Why zero copy in Jetson TX2 is so slow?

I am using Jetson TX2 board to do fft.I use zero copy data from host to device and then do fft or ifft.After fft or ifft I have to copy these data from device to host.I try to use zero copy to do the memory copy.However, the cope speed is very slow(at least 6 times slower than normal cudamemcpy ).So the whole memory copy and fft turn to slower after I used the zero copy.

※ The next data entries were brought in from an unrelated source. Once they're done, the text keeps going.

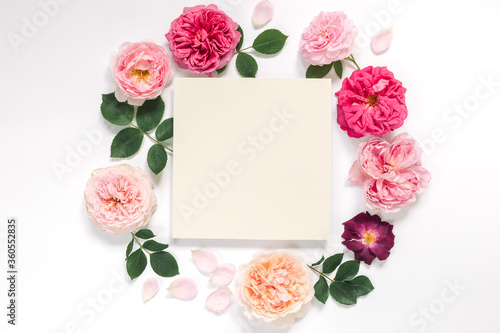 Empty card for logo or congratulation with pastel pink garden roses. Branding mock up, holiday marketing concept.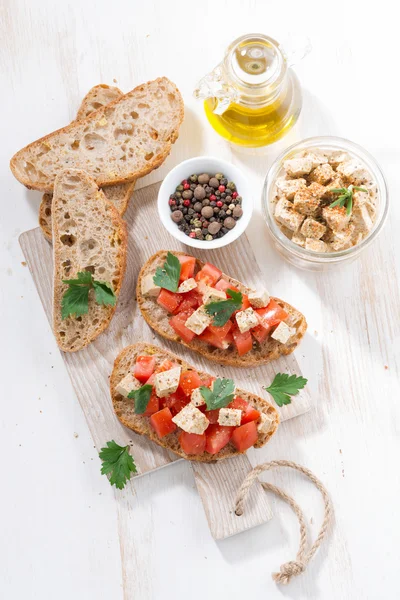 Ciabatta with tomatoes and marinated feta, top view — Stock Photo, Image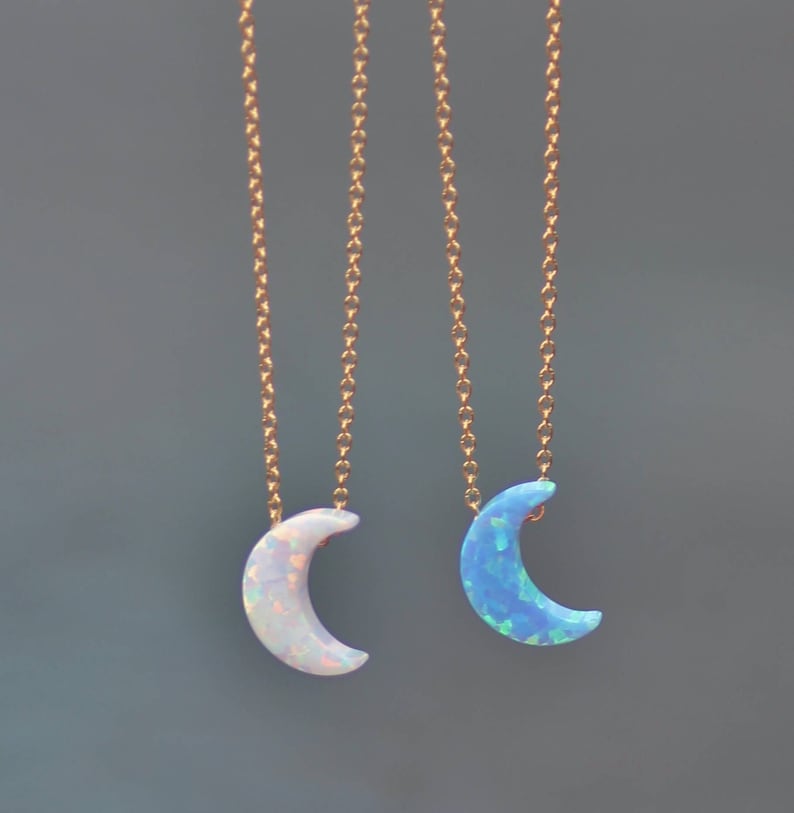 Op de afbeelding: Twee gouden kettingen met halve maan opal hangers. De ene hanger is van witte opaal en de andere van blauwe opaal.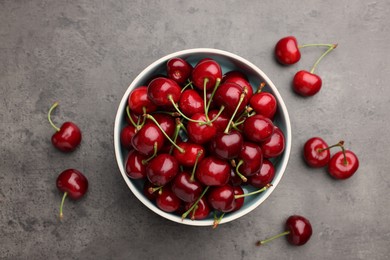 Photo of Bowl with ripe sweet cherries on grey table, flat lay
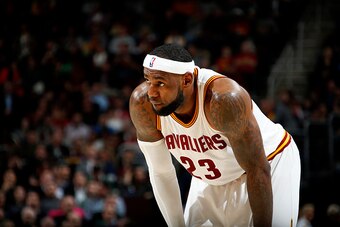 CLEVELAND, OH - DECEMBER 17: LeBron James #23 of the Cleveland Cavaliers stands on the court during a game against the Atlanta Hawks at The Quicken Loans Arena on December 17, 2014 in Cleveland, Ohio. NOTE TO USER: User expressly acknowledges and agrees t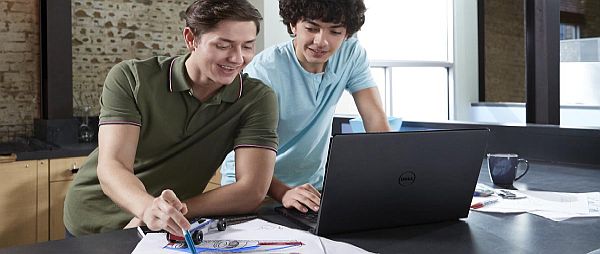 Two male college students casual clothing, leaning on a counter in an open study area with a Dell Inspiron 15 5000 Series (Model 5555) Non-Touch 15-inch notebook computer. A model car and sketches can be seen on the counter around them.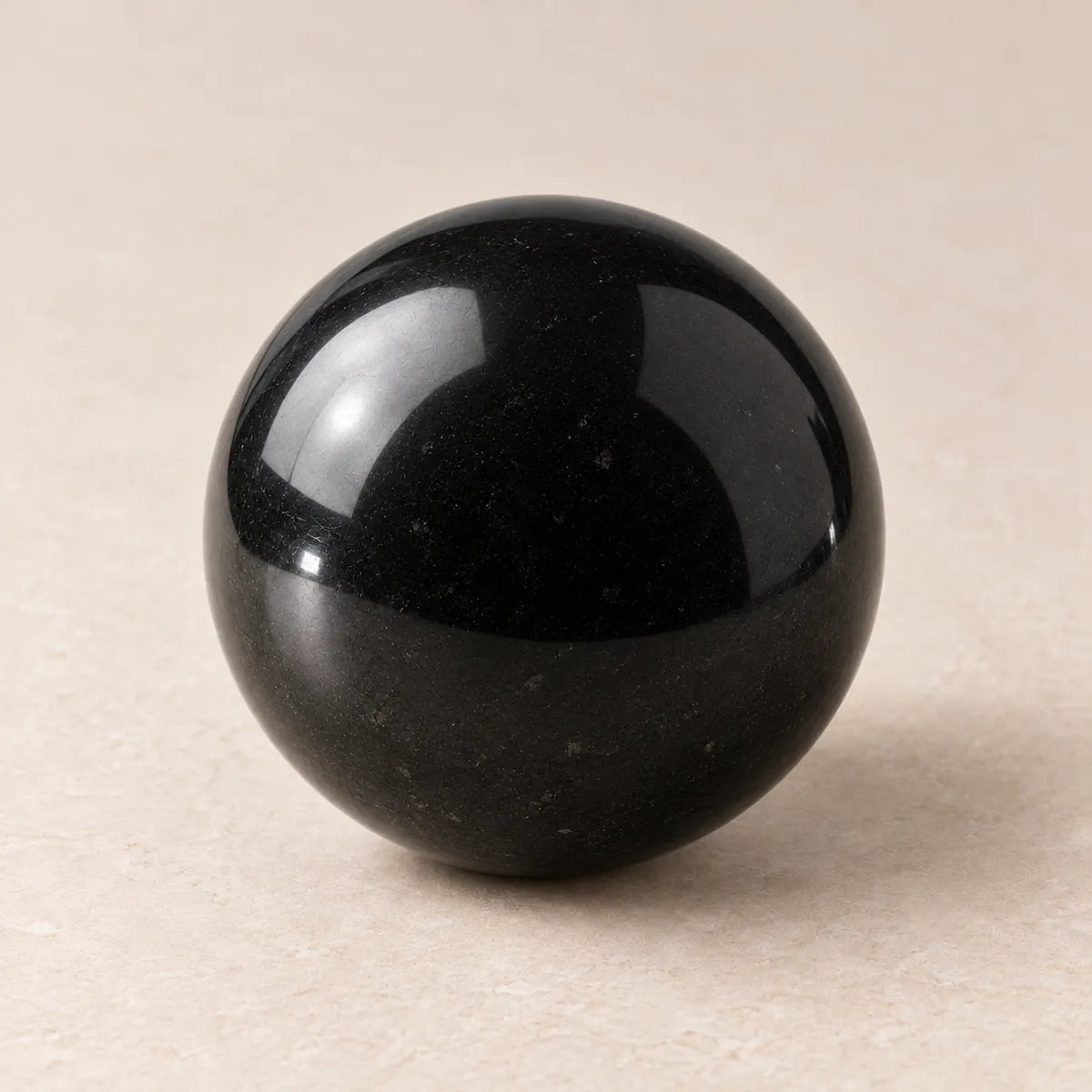 Sfera lucidata in shungite, su fondo chiaro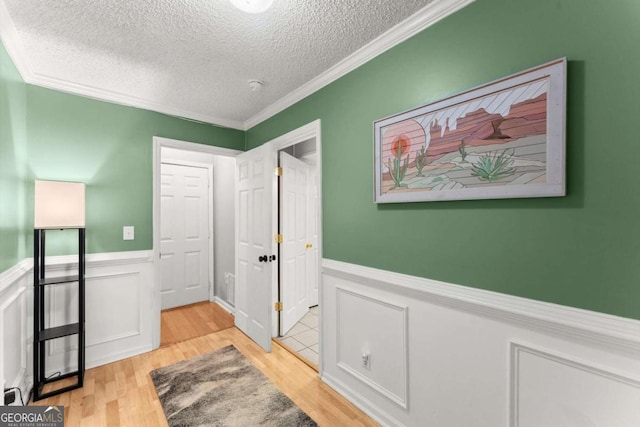 15 Miners Pt SE, Acworth, GA 30102 - corridor featuring a textured ceiling, a wainscoted wall, ornamental molding, and light wood-style flooring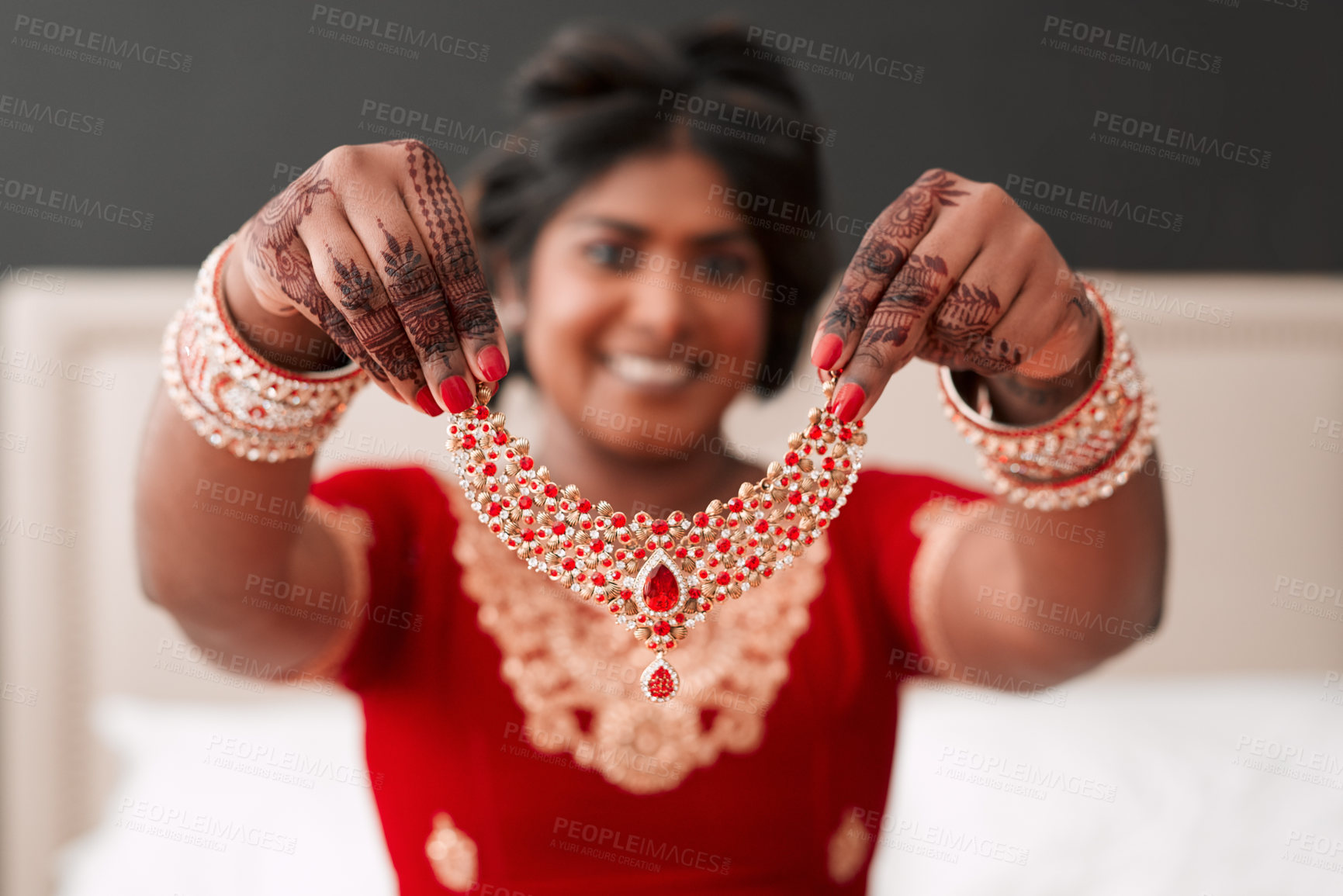 Buy stock photo Cropped shot of a beautiful young bride holding up the necklace piece she's going to wear in her dressing room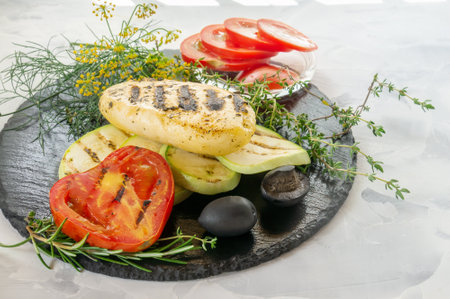 haloumi cheese with vegetables and thyme. Grilled barbecue cheese with tomatoes and zucchini. A dietary, low-calorie dish. Copy spaceの写真素材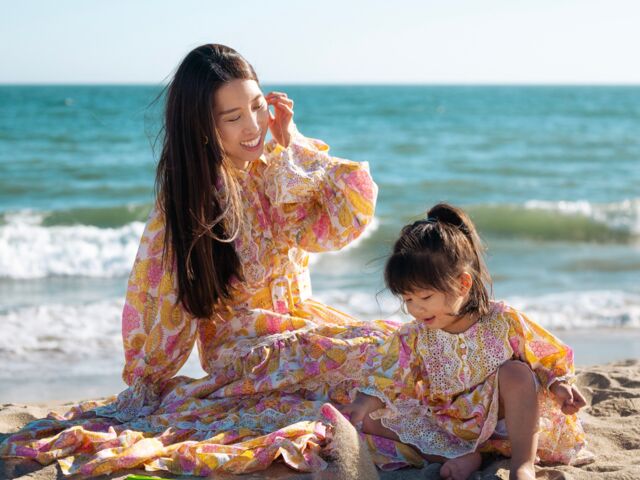 Chris Han sits in the sand in a floral maxi dress beside her daughter Luna, the ocean behind them.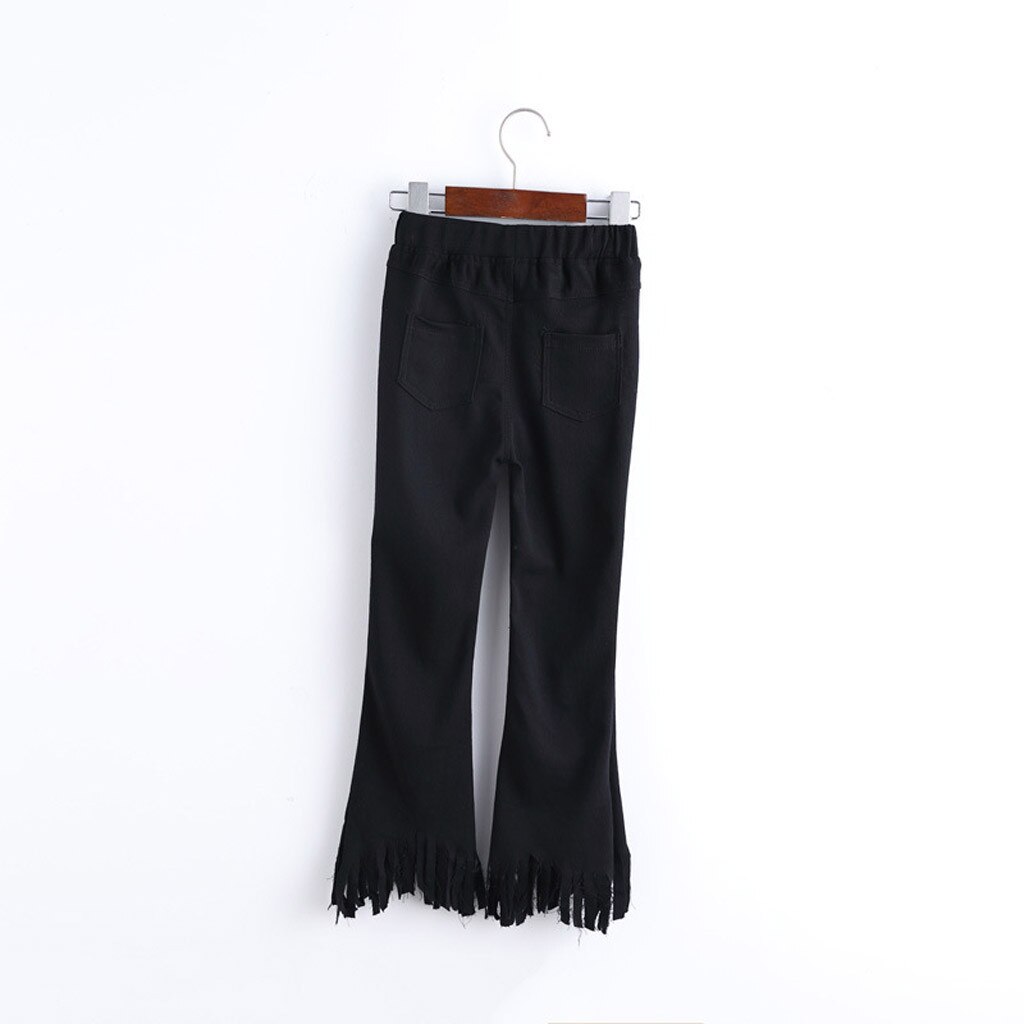 Black pants with jagged hem.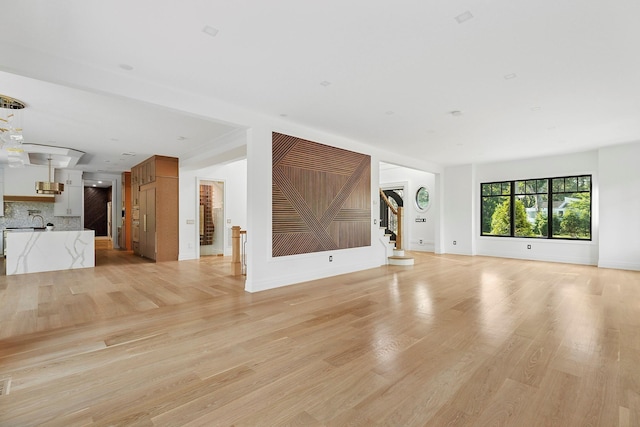 26 Saint Andrews Ct, Old Westbury, NY 11568 - unfurnished living room featuring stairs and light wood-style flooring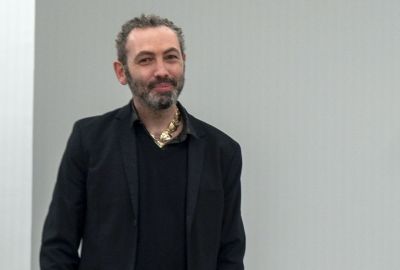 A man in a black shirt and a black suit jacket smiling.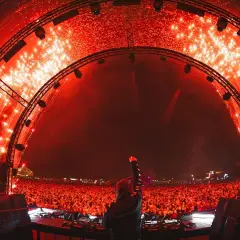 DJ z uniesioną pięścią na tle tłumu i fajerwerków. Niezapomniany sunrise lineup na festiwalu.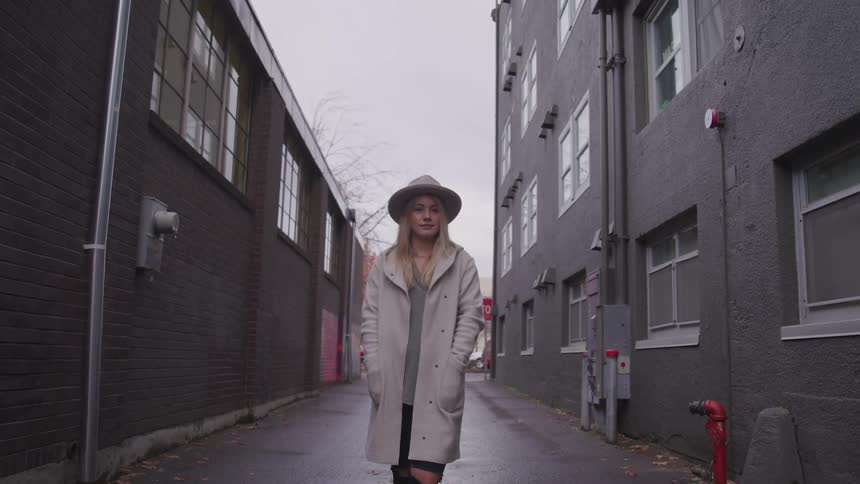 A woman is standing in a downtown city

In my inderstanding the gpu and cpu in Jetson TX2 use same memory.The zero copy should be faster.But zero copy is extremely slow.

Here is my basic code:

int main(void)
{
size_t size = 11000000000 * sizeof(int);
int
data;
cudaHostAlloc((void**) &data, size, cudaHostAllocMapped);
checkCUDAError(“cudaHostAlloc data”); memset(data, 0, 1*1000000000 * sizeof(int));
int *gpudata;
cudaHostGetDevicePointer(&gpudata, data, 0);

checkCUDAError(“cudaHostGetDevicePointer”);

sumNum<<<1000000000/1024+1023, 1024>>>(gpudata);

cudaDeviceSynchronize();

for (int i = 99999999; i < 1000000000; i=i+100000000)
{
printf("%d \n", data[i]); }
cudaFreeHost(data);
return 0;
}
}

Pinned memory has no cache. It may be useful for host/device transfer, but if you have multiple operations on it, it may be slow.

You may try unified memory instead. It enables caching.